On the HPC Ch.7B Test, 24 out of 46 students earned a sticker on their test. If a WASC member randomly pulls 5 tests out of the folder of tests, what is the probability that more than 1 of them have a sticker?

Answer 1

85.27% probability that more than 1 of them have a sticker.

Explanation:

A probability is the number of desired outcomes divided by the number of total outcomes.

The order of in which the tests are chosen is not important. So we use the combinations formula to solve this question.

Combinations formula:

`C_(n,x)` is the number of different combinations of x objects from a set of n elements, given by the following formula.

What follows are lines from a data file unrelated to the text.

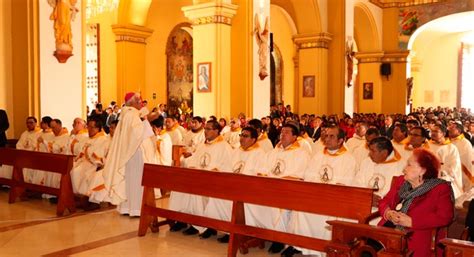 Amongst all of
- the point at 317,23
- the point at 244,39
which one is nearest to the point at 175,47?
the point at 317,23

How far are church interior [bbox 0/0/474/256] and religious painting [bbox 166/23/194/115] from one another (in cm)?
4

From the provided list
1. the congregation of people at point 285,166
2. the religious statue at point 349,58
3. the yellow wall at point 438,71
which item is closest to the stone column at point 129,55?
the religious statue at point 349,58

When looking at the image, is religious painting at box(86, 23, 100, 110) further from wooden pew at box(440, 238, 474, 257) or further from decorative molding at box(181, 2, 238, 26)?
wooden pew at box(440, 238, 474, 257)

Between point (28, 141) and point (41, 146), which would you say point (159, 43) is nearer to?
point (28, 141)

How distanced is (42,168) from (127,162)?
1.45 meters

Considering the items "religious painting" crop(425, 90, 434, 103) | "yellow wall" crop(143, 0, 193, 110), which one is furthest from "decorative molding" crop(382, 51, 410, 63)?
"religious painting" crop(425, 90, 434, 103)

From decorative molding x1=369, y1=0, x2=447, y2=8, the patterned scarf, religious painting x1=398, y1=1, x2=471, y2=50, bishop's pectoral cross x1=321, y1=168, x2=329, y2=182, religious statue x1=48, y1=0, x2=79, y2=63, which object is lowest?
bishop's pectoral cross x1=321, y1=168, x2=329, y2=182

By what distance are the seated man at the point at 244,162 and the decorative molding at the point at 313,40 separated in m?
12.4

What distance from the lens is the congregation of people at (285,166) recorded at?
13.0ft

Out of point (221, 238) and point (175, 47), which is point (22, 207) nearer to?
point (221, 238)

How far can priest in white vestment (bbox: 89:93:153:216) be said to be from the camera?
7.29 m

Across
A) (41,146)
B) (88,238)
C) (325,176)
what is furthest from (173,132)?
(325,176)

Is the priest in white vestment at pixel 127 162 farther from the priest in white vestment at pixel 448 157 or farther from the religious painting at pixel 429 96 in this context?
the religious painting at pixel 429 96

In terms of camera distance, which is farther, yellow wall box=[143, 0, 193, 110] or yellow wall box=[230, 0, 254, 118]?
yellow wall box=[143, 0, 193, 110] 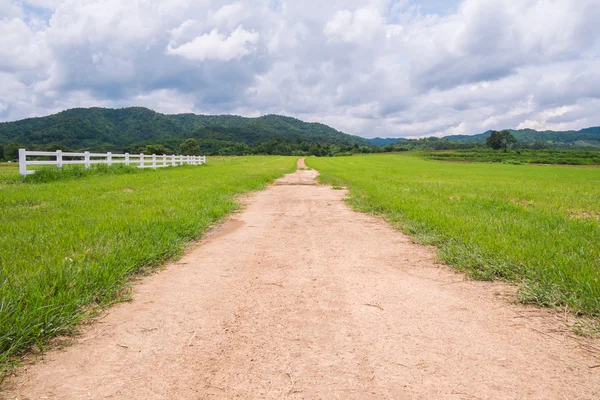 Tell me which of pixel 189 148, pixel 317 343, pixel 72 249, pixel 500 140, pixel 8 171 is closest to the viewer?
pixel 317 343

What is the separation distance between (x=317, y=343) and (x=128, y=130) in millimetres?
133858

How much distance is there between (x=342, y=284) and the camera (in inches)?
150

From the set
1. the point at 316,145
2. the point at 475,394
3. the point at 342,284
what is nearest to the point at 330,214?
the point at 342,284

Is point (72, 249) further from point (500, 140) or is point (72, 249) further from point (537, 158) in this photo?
point (500, 140)

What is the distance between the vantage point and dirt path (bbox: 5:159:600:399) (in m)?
2.08

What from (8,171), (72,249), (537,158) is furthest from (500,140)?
(72,249)

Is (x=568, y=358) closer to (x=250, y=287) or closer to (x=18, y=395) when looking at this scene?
(x=250, y=287)

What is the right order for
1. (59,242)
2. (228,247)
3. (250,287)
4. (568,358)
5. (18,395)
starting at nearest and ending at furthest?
(18,395) < (568,358) < (250,287) < (59,242) < (228,247)

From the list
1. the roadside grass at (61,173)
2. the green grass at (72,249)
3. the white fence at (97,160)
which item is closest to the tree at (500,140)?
the white fence at (97,160)

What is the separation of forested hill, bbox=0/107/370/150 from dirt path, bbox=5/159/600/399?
8366cm

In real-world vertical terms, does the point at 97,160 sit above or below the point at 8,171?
above

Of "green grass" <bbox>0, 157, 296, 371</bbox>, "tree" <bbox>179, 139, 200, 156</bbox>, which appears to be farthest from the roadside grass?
"tree" <bbox>179, 139, 200, 156</bbox>

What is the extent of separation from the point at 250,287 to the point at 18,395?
2.04 metres

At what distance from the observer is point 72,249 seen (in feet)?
14.7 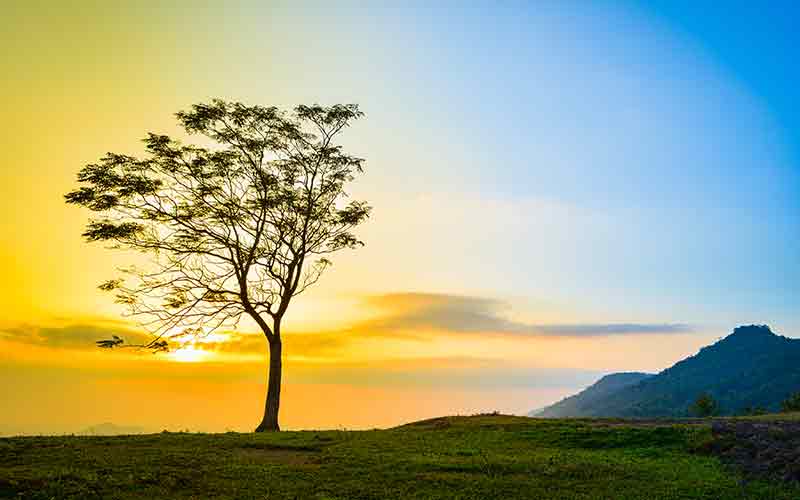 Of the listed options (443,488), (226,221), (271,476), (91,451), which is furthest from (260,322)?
(443,488)

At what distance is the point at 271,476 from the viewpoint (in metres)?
20.6

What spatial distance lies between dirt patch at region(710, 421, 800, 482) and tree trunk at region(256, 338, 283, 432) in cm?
2407

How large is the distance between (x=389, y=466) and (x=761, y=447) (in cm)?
1407

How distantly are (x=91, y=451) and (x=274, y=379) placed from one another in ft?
54.8

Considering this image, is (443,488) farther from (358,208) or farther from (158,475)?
(358,208)

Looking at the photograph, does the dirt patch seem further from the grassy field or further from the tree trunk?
the tree trunk

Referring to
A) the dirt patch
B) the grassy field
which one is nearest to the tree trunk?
the grassy field

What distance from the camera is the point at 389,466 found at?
22453 millimetres

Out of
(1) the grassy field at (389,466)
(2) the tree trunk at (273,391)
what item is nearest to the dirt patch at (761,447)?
(1) the grassy field at (389,466)

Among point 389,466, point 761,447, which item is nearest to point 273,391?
point 389,466

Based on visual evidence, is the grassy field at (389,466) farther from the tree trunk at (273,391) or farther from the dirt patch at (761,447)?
the tree trunk at (273,391)

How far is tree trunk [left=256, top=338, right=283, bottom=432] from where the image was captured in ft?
128

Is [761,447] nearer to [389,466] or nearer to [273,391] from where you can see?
[389,466]

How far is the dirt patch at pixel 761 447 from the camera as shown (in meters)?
21.9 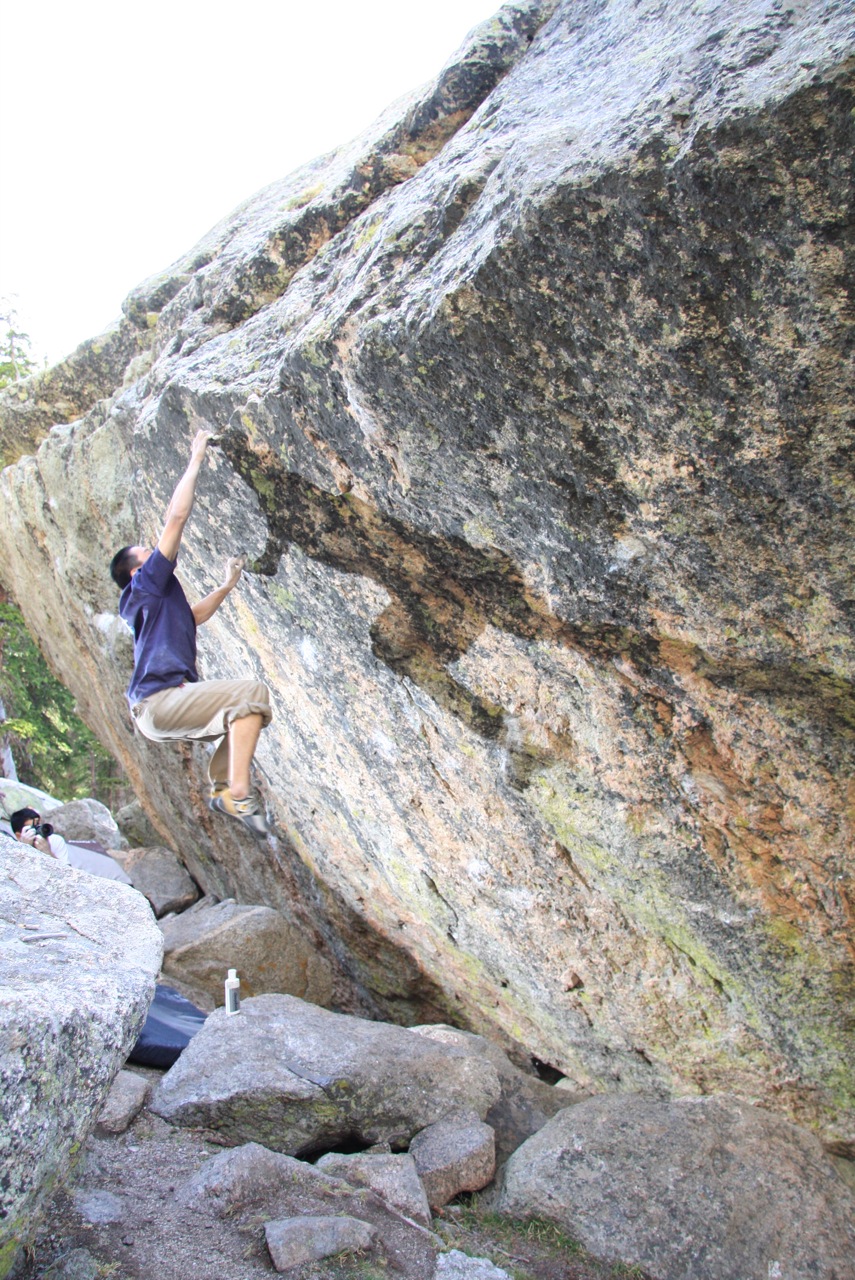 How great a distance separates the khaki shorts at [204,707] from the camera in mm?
5516

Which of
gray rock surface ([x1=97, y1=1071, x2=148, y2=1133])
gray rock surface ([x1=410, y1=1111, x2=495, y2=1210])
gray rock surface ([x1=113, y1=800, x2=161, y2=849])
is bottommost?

`C_(n,x) = (n!)/(x!(n-x)!)`

We have that

24 students earned a sticker

22 students did not earn a sticker.

What is the probability that more than 1 of them have a sticker?

Either one or less student earned a sticker, or more than 1 did. The sum of these probabilities is 100%. So i will find the probability that one or less did.

Probability that one or no student earned a sticker.

Desired outcomes

1 sticker

1 with sticker from a set of 24, 4 without a sticker from a set of 22. So

`C_(24,1)*C_(22,4) = (24!)/(1!23!)*(22!)/(4!18!) = 24*7315 = 175560`

0 sticker

5 without a sticker from a set of 22. So

`C_(22,5) = (22!)/(5!17!) = 26334`

Then

`D = 175560 + 26334 = 201894`

Total outcomes

5 from a set of 46

`T = C_(46,5) = (46!)/(5!41!) = 1370754`

Probaiblity:

`P = (D)/(T) = (201894)/(1370754) = 0.1473`

14.73% probability that 1 or none have a sticker

More than 1:

100 - 14.73 = 85.27

85.27% probability that more than 1 of them have a sticker.